The Phantom did quite well in our weather testing despite having the lighter of the two face fabrics available and no water-resistant down. We think removing the water-resistant down this year was a misstep by Mountain Hardwear, and could make this bag really shine on a single night open bivouac. Despite this, we were able to sleep comfortably outside and brush off the frost that accumulated on the top of the bag from our body heat/moisture.

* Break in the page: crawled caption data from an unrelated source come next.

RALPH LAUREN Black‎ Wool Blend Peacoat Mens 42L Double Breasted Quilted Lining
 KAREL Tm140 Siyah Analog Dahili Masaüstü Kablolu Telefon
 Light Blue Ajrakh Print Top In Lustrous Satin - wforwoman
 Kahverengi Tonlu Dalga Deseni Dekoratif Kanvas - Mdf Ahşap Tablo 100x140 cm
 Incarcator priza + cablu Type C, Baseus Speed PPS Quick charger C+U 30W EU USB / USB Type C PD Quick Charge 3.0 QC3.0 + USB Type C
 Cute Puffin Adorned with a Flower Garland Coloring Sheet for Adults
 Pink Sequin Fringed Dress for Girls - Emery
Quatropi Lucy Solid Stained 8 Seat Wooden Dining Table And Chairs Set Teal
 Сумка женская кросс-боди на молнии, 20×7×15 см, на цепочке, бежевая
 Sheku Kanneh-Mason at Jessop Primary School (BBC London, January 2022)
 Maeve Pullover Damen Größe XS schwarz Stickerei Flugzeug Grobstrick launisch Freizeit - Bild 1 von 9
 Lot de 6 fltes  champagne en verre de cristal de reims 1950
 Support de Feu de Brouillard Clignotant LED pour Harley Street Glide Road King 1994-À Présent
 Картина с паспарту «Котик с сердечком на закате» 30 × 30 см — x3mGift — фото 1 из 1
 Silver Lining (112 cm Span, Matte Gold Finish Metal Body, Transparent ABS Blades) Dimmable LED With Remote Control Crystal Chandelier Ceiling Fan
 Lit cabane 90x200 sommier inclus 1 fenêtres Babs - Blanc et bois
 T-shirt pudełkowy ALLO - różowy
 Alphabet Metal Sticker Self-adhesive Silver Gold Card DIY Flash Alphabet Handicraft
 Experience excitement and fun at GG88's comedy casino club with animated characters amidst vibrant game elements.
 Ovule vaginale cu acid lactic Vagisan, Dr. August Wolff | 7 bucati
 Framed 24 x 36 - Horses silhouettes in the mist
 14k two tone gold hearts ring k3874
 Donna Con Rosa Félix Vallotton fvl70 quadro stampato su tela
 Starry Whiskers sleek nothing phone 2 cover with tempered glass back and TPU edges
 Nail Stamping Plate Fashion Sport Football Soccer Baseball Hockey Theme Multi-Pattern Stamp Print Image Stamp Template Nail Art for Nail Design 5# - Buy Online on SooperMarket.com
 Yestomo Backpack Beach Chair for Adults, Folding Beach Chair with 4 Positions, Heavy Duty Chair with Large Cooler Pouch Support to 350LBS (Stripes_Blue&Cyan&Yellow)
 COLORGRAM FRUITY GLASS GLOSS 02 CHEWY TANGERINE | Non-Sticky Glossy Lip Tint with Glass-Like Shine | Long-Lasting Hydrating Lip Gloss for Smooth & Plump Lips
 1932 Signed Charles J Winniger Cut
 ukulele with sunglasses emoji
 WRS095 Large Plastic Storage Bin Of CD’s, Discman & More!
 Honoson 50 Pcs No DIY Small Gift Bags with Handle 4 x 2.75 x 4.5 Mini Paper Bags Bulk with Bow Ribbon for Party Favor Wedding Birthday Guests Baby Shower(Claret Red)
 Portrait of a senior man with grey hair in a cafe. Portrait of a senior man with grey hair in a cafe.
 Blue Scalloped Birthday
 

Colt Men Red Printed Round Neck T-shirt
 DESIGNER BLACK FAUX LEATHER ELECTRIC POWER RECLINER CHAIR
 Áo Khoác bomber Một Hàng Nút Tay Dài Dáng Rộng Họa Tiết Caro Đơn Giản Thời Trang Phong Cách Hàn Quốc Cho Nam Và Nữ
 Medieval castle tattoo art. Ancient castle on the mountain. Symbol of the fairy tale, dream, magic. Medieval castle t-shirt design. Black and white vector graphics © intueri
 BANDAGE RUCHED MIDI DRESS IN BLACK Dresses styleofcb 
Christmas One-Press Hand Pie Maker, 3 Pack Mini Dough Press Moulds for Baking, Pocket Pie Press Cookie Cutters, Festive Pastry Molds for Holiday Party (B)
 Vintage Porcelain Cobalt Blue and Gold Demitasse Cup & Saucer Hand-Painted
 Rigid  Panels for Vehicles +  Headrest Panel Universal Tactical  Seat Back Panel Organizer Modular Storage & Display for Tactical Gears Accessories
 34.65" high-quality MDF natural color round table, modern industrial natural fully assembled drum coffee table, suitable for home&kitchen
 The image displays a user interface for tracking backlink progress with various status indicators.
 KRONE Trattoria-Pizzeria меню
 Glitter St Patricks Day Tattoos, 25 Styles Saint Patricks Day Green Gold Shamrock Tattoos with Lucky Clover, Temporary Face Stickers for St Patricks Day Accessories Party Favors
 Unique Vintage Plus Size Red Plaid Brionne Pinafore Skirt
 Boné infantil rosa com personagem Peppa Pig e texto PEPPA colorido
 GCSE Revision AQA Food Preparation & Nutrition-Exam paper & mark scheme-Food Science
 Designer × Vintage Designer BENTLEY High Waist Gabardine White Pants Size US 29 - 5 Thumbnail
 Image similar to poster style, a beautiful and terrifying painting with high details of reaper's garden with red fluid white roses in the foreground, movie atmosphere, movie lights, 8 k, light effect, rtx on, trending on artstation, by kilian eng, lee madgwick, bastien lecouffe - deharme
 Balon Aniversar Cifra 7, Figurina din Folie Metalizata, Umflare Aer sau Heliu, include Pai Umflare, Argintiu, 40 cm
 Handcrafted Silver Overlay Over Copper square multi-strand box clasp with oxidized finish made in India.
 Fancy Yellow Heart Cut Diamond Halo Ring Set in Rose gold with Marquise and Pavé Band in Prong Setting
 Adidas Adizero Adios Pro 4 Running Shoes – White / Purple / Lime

The Mountain Hardwear Phantom 0F catches its first light of the day to thaw out from a frozen night. Note the shaping of the baffles. Mountain Hardwear opted for vertical baffles over the chest to reduce downshifting in our most mobile part of the body during a night's sleep. The foot box  draft collar  and hood are also of excellent quality and very lofty. It's a shame it is no longer filled with Hydrophobic down.
The Mountain Hardwear Phantom 0F catches its first light of the day to thaw out from a frozen night. Note the shaping of the baffles. Mountain Hardwear opted for vertical baffles over the chest to reduce downshifting in our most mobile part of the body during a night's sleep. The foot box, draft collar, and hood are also of excellent quality and very lofty. It's a shame it is no longer filled with Hydrophobic down.

Value


We think this is a great value for a high-end winter bag that will see a lot of overnights in the alpine. If you are an occasional winter camper, this bag may be a little overkill. If you see yourself sleeping out on a variety of climbs, ski tours, and cold weather excursions, the high-end materials and construction make sense to spend the money on. After all, this option shaves over a pound off your back versus budget competitors.

Conclusion


The Phantom 0 is an extremely warm, snug-fitting, light, and weather-resistant down bag that packs down small. Without water-resistant down and an upper head cinch, this bag comes close to perfect but just barely misses the mark. You can't go wrong with the Phantom 0 if you fit in this bag comfortably.